Friday, 11 October 2019

Trinity 17 (28C) St Richard, Haywards Heath 

I live by God and my phone. One of those who never uses cash, flicks their phone over the till and goes off paperless. Anne and I were driven mad by chasing till receipts and comparing them with bank statements at three monthly intervals. Now it's a monthly perusal of a rather longer bank statement in which we recall our till transactions with five A4 sheets rather than 200 unreadable till receipts.

All very good, but what do you do faced with a street person seeking assistance if you don’t carry cash? At least talk to them, listen to them, affirm them, rather than passing by on the other side. Homelessness is a growing scourge. In Bentswood some of my neighbours recently found a man camping in the woods, took him in and fed him. That’s why I’m pleased St Richard’s is taking note of World Homeless Week with harvest collections and goods today being given to a local homeless charity.


I’m pleased to ‘speak into’ a eucharist geared to advancing God’s kingdom in this realm having two years ago left a village divided over building more homes. Horsted Keynes has yet to finalise it’s village plan over where houses should go as quite a few don’t want them in their backyard. A very human response, but Sussex has a housing crisis on that account.

Today’s Gospel from Luke 17:11-19 fits our harvest theme of thankfulness which might prompt us to be more grateful for a roof over our heads. As I engage with people living on the streets, my first thought is, what it must be like to live outside through a blustery night let alone the deep chill of winter that’s approaching? My hedge is covered with berries, said to be a pointer to a hard winter ahead.

To the Gospel! It’s linked to the Old Testament story of Syrian army commander Naaman healed by bathing in the Jordan which is parallel to the story of the ten lepers healed more simply just by meeting Jesus. In the second part of the Gospel one leper is praised for showing gratitude. ‘We’e not all ten made clean?’ Our Lord asks. ‘The other nine, where are they? It seems that no one has come back to give praise to God, except this foreigner.’ And he said to the man, ‘Stand up and go on your way. Your faith has saved you.’ 

Notice the nine were spoken of by Our Lord as being ‘made clean’ but the thankful leper was said by Jesus to be saved. In other words thankfulness is a quality that demonstrates the fullness of life we Christians call salvation. It’s a sign we’re living life to the full, life as God wills it. Archbishop Michael Ramsey described thankfulness as ‘a soil in which pride finds it hard to take root’. If we see our whole life as given by God that recognition protects us from obsessive self interest. 

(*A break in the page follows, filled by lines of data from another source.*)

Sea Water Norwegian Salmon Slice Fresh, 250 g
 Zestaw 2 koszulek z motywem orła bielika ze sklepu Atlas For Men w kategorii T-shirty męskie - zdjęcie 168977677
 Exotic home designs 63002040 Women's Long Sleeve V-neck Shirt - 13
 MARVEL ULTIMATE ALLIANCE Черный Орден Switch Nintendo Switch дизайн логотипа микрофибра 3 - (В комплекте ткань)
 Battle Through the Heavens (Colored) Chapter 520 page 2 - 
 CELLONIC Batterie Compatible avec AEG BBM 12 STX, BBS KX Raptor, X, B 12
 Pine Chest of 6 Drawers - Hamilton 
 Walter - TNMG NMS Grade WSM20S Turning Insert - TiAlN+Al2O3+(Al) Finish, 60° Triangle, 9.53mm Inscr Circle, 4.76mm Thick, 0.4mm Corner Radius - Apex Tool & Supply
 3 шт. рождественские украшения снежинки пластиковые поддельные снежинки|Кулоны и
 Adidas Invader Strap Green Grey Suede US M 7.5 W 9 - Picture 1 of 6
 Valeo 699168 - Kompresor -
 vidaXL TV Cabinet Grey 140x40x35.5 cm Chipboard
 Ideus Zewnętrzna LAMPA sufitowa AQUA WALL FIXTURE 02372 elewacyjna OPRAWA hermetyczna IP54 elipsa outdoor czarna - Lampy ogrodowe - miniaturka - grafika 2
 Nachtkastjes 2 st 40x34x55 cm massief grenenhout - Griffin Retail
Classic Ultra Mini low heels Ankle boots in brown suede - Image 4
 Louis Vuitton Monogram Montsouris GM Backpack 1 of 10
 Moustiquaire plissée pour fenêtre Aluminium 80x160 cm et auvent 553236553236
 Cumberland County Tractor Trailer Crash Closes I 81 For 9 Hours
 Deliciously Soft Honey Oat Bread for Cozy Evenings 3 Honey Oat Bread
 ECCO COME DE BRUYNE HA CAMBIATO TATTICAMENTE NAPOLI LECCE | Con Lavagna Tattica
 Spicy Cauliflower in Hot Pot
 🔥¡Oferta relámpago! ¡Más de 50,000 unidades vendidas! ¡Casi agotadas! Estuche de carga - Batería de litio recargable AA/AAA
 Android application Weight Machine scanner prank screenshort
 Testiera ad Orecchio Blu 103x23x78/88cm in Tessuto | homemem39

To walk through life in God’s company makes us less out for ourselves and more out for those on the heart of God - and can we imagine Our Lord’s heart other than warmly extended to those living on the coldness of the streets? 

‘Come to me, all you that are weary and are carrying heavy burdens, and I will give you rest’ he says in Matthew 11:28. As Christians we are bearers of that invitation through practical action, such as we’re about at harvest festival, but also by our presence alongside the homeless. Of course there’s politics here, issues of lifestyle, family breakdown and the like. The beauty of thankful living is that you go blind to all of that and, seeing all you have as a gift, those you meet, even on the streets, can be welcomed as part of that gift.

On a recent visit to Crawley Down Monastery being a Feast Day there was a talking meal. I sat beside a man who explained to me how the monks took him in regularly as he had no home. I learned quite a bit about what it was like to live on the street, the way drunken youths harass street people, and so on. I asked him what was most important to him about the way people react to the homeless. ‘Speak to us’ he said, ‘recognise our humanity. That’s much more important than any coin you can give us’. 

It’s easier said than done. I’m more on the case than I’ve been in the past, fuelled by a lack of 50p pieces, determined though to provide something as from the Lord.

This morning in Rome Pope Francis is canonising former Anglican priest John Henry Newman. Some of you know I’ve been invited by Fr Trevor to preach at 6.15pm Vespers up the road at St Paul’s. Newman’s motto ‘Cor ad cor loquitur’, let heart speak to heart, captures what it is to live thankfully with compassion towards others. I want to end with his famous fragrance prayer, his prayer for grace to radiate Christ to a needy world.

Dear Jesus, help me to spread your fragrance everywhere I go.
 Flood my soul with your spirit and life.
 Penetrate and possess my whole being so utterly, 
that my life may only be a radiance of yours.

 Shine through me, and be so in me 
that every soul I come in contact with
 may feel your presence in my soul.
 Let them look up and see no longer me, but only Jesus!

 Stay with me and then I shall begin to shine as you shine,
 so to shine as to be a light to others; 
the light, O Jesus, will be all from you; none of it will be mine;
 it will be you, shining on others through me.

 Let me thus praise you the way you love best, by shining on those around me.
 Let me preach you without preaching, not by words but by my example,
 by the catching force of the sympathetic influence of what I do, 
the evident fullness of the love my heart bears to you. Amen.